Comorbidities are also associated with lower SES, but again we found that they were independently and jointly contributing to increased risk, specifically, cancer, cardiovascular disease, hypertension, diabetes, respiratory and autoimmune diseases. Unlike other studies reporting higher risk in obese individuals,³⁹^,⁴⁰ and postulating ACE2 expression in adipose tissue as a potential mechanism for the role of obesity in severe COVID-19,⁴¹ we found that the association of obesity and COVID-19 was attenuated while adjusting for comorbidities. These included cardiovascular diseases, diabetes and respiratory disease, which were the most strongly associated with the risk of developing COVID-19 symptoms, independently of obesity. This points to a potential role for metabolic and pro-inflammatory disorders in the development of COVID-19. Furthermore, we found an excess of ever smokers in the tested group, in agreement with some studies⁶ but not others²⁷—although the former may have been affected by collider bias.⁴²

Although increased risks from higher levels of outdoor air pollutants at the person’s residence was seen in the unadjusted analysis, these were attenuated after multiple adjustment and only associations involving PM2.5 were (borderline) statistically significant. This suggests that previous reports of an association between outdoor air pollution and COVID-19⁴⁰^,⁴³ may have been confounded. Nonetheless, given the effects of outdoor air pollution on respiratory function,⁴⁴ cardiovascular disease⁴⁵ and other infections such as SARS,⁴⁶ this area requires further investigation.

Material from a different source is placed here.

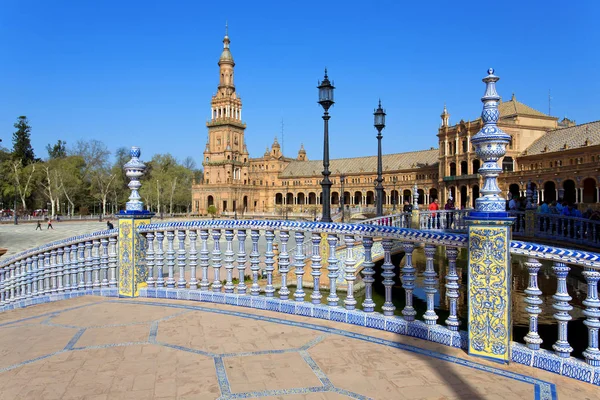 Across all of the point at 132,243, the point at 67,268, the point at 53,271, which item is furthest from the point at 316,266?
the point at 53,271

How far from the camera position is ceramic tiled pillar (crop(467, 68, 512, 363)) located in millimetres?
3457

Although age is understood to be a major risk factor for severe disease or death from COVID-19,⁴⁷ age was found to be inversely associated with the risk of being tested but not with the risk of testing positive among the tested population. However, being retired, which remained significant in our adjusted models, is a proxy for older age, and may explain the inverse association with age in the multiply adjusted models. Additionally, older people might have been less likely to have been tested, either due to testing protocols or concerns about attending healthcare settings due to shielding,⁴⁸ and non-referral to hospital, e.g. from care homes where residents were not routinely tested.

Limitations

First, UK Biobank is not representative of the general UK population due to healthy volunteer selection bias and over-representation of White people, participants of higher SES and certain occupations.⁴⁹ In particular, our study population included higher numbers of healthcare workers than in the general population.⁵⁰ This could further be explained by the fact that we adopted a broader definition of healthcare workers (including health and social service manager and care assistants and home carers). Nonetheless, the range of factors influencing the risk of confirmed or suspected COVID-19 concurs with and extends findings from other studies of hospital-only populations and national mortality data. We also show that our results and conclusions are robust to the exclusion of healthcare workers, which indicates that despite the non-representativeness of the UK Biobank population, our results are not biased by the over-representation of healthcare workers.

Second, mortality data linked to SARS-CoV-2 infection status in UK Biobank is currently unavailable. Future availability of linked hospital outcome and mortality data within UK Biobank will aid in further assessing risk related to SARS-CoV-2 infection.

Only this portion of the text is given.